Bölge İdare Mahkemesi kararının özeti: Bölge İdare Mahkemesince; istinaf başvurusuna konu Vergi Mahkemesi kararının usul ve hukuka uygun olduğu ve davalı tarafından ileri sürülen iddiaların söz konusu kararın kaldırılmasını sağlayacak nitelikte görülmediği belirtilerek 2577 sayılı İdari Yargılama Usulü Kanunu'nun 45. maddesinin 3. fıkrası uyarınca istinaf başvurusunun reddine karar verilmiştir.
TEMYİZ EDENİN İDDİALARI : Davacı hakkında düzenlenen raporlarda gerekli araştırma ve incelemelerin yapılarak satışı gerçekleştirilen gayrimenkullerin özellikleri ve bilgileri ile tarh dosyasındaki tüm veriler dikkate alınarak matrahın hesaplandığı ve yapılan işlemlerin tamamen usul ve yasalara uygun olduğu belirtilerek, kararın bozulması gerektiği ileri sürülmektedir.

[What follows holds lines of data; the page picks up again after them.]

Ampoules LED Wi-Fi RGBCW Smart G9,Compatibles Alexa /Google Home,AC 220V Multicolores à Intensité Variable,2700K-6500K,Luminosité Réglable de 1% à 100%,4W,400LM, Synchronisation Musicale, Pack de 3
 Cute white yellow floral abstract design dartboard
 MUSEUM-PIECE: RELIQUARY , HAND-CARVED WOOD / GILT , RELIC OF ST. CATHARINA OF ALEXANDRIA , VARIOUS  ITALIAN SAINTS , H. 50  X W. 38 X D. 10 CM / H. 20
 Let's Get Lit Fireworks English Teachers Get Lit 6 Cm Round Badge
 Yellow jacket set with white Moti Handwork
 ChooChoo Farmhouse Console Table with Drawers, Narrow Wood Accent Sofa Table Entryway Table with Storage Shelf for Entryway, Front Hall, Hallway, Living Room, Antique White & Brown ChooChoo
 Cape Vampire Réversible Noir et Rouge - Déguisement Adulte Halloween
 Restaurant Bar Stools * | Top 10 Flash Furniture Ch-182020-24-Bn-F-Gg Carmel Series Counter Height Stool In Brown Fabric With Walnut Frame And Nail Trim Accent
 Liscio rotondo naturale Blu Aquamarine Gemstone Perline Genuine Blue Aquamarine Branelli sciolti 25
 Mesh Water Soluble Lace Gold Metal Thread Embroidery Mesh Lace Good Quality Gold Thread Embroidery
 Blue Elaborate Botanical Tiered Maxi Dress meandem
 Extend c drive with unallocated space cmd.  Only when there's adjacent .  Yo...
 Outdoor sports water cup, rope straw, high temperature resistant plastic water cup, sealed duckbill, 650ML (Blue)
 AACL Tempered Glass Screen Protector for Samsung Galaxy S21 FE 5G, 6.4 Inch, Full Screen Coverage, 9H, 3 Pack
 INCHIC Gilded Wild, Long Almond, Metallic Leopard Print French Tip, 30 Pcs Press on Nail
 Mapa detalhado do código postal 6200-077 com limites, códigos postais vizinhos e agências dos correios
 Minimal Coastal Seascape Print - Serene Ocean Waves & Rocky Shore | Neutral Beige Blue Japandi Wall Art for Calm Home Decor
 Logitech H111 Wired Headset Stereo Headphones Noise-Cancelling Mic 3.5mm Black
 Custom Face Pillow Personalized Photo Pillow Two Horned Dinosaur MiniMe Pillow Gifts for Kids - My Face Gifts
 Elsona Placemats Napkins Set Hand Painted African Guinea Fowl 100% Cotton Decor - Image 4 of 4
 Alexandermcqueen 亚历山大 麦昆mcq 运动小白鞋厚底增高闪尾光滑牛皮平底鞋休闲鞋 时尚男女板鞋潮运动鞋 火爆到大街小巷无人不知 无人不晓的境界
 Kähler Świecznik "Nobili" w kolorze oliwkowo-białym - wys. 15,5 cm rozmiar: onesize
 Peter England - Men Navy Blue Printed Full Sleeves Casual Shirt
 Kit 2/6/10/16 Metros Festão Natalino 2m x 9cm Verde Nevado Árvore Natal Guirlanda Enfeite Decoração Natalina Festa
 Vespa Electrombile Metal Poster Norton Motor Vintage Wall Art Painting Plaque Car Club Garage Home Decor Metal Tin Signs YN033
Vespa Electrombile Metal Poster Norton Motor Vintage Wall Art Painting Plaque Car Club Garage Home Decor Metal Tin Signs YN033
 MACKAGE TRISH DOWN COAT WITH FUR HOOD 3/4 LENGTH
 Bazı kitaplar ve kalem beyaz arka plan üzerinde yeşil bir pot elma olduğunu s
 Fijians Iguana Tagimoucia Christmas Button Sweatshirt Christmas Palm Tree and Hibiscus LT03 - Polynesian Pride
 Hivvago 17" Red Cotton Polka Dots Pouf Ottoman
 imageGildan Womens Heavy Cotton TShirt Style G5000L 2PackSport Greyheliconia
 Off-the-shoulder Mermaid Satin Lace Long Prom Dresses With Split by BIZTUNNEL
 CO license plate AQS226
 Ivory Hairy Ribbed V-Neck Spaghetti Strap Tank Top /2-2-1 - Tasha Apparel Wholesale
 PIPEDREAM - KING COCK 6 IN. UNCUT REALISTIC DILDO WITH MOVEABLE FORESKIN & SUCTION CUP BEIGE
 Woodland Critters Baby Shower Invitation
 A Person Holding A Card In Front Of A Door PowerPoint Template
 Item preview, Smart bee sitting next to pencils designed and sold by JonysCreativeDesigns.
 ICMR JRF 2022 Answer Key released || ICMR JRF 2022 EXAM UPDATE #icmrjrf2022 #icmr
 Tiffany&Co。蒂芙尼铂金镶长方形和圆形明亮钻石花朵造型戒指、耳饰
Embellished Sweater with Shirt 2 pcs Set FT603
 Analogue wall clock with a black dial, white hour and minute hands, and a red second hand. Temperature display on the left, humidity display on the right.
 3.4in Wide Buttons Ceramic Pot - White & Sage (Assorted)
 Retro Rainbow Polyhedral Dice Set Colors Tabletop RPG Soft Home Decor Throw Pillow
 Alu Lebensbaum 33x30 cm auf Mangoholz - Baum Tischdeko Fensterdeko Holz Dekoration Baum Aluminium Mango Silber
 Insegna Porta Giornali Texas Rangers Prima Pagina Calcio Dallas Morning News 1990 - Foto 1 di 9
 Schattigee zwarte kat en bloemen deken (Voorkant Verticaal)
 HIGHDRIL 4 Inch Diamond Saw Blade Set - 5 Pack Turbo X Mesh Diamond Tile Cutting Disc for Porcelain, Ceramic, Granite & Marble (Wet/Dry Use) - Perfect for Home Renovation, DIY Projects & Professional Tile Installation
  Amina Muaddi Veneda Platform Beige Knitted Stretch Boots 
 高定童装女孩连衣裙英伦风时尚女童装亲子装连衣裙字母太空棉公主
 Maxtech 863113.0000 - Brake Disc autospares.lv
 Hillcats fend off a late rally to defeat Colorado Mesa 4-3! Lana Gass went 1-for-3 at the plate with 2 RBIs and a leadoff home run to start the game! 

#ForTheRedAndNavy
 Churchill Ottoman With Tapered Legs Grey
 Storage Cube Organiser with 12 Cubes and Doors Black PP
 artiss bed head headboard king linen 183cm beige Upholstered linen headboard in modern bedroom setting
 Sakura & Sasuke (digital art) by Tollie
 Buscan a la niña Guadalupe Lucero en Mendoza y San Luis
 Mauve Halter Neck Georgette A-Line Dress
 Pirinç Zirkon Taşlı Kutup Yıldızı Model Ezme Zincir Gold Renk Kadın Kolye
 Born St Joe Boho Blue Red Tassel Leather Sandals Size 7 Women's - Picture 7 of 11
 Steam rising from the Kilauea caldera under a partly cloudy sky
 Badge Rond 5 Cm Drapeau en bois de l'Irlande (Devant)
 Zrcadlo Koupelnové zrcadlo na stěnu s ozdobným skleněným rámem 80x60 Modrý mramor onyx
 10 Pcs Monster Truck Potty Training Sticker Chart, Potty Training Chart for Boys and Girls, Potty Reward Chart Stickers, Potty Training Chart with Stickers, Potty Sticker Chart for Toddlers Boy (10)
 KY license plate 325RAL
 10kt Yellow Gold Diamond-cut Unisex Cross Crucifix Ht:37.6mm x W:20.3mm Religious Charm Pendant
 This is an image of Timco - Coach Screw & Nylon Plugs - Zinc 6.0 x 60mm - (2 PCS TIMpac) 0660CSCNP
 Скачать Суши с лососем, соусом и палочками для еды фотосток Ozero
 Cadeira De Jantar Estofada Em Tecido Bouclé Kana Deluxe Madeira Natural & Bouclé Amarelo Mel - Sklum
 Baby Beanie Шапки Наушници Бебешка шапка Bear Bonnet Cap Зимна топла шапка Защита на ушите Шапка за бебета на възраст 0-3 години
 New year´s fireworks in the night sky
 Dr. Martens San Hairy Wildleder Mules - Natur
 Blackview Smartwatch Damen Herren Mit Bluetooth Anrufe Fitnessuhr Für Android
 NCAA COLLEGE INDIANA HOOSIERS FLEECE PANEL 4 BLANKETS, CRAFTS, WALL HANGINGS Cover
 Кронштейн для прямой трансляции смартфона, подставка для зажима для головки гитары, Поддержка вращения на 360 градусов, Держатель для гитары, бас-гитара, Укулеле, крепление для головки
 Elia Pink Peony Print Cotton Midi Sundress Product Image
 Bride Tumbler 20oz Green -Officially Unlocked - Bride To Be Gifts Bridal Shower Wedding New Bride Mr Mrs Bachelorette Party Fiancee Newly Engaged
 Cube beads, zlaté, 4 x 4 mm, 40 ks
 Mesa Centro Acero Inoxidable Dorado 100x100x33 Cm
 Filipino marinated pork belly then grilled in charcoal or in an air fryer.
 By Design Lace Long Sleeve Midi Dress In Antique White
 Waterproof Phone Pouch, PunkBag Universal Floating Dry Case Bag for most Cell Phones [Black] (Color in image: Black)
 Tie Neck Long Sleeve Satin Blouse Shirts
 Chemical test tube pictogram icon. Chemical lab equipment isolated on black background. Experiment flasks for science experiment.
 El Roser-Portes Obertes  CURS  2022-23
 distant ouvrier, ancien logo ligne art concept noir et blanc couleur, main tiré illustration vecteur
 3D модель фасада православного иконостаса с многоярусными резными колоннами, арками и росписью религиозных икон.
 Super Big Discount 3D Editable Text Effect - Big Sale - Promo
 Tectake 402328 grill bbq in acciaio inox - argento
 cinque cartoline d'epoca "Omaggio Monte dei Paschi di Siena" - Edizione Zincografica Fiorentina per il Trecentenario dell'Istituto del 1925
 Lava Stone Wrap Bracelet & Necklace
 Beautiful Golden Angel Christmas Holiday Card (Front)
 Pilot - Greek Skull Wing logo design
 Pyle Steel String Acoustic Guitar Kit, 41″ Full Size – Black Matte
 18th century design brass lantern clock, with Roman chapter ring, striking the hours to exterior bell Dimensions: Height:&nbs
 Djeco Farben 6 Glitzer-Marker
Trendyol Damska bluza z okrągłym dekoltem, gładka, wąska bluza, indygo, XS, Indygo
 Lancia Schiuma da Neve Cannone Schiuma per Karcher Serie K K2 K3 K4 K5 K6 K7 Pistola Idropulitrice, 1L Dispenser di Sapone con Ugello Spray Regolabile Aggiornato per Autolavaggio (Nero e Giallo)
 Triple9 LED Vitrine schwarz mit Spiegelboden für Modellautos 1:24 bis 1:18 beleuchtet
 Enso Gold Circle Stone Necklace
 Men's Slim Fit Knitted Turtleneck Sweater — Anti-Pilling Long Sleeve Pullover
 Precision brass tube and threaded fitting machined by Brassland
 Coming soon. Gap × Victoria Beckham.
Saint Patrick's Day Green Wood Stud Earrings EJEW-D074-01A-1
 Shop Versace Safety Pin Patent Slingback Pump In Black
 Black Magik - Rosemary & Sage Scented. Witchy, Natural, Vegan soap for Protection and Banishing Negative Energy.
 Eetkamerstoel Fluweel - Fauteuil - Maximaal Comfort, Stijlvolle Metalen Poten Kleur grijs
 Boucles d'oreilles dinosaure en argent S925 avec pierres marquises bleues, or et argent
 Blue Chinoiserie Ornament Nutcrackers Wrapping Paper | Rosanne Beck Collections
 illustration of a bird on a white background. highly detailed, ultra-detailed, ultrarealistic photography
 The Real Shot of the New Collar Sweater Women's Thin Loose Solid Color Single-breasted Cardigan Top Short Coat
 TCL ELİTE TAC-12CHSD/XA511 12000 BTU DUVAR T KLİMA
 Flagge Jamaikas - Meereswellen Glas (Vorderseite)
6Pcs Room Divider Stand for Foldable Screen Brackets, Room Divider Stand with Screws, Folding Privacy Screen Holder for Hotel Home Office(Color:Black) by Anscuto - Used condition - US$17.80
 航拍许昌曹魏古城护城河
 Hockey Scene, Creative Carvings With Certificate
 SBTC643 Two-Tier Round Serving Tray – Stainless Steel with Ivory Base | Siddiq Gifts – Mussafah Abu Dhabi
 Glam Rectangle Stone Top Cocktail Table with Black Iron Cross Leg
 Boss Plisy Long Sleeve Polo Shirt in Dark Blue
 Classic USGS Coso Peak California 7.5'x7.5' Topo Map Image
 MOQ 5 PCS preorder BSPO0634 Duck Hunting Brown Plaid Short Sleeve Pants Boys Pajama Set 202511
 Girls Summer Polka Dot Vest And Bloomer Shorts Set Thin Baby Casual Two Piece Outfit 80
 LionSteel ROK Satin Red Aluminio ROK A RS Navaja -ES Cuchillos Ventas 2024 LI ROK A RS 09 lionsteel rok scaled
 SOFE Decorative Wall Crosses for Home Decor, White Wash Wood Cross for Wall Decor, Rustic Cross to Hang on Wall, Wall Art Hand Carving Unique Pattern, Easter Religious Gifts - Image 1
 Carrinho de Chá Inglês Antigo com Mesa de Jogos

KARŞI TARAFIN SAVUNMASI : Cevap verilmemiştir.
TETKİK HÂKİMİ : …
DÜŞÜNCESİ : Temyiz isteminin reddi ile usul ve yasaya uygun olan Bölge İdare Mahkemesi kararının onanması gerektiği düşünülmektedir.
TÜRK MİLLETİ ADINA
Karar veren Danıştay Dördüncü Dairesince, Tetkik Hâkiminin açıklamaları dinlendikten ve dosyadaki belgeler incelendikten sonra gereği görüşüldü:
İNCELEME VE GEREKÇE :
Bölge idare mahkemelerinin nihai kararlarının temyizen bozulması, 2577 sayılı İdari Yargılama Usulü Kanunu'nun 49. maddesinde yer alan sebeplerden birinin varlığı hâlinde mümkündür.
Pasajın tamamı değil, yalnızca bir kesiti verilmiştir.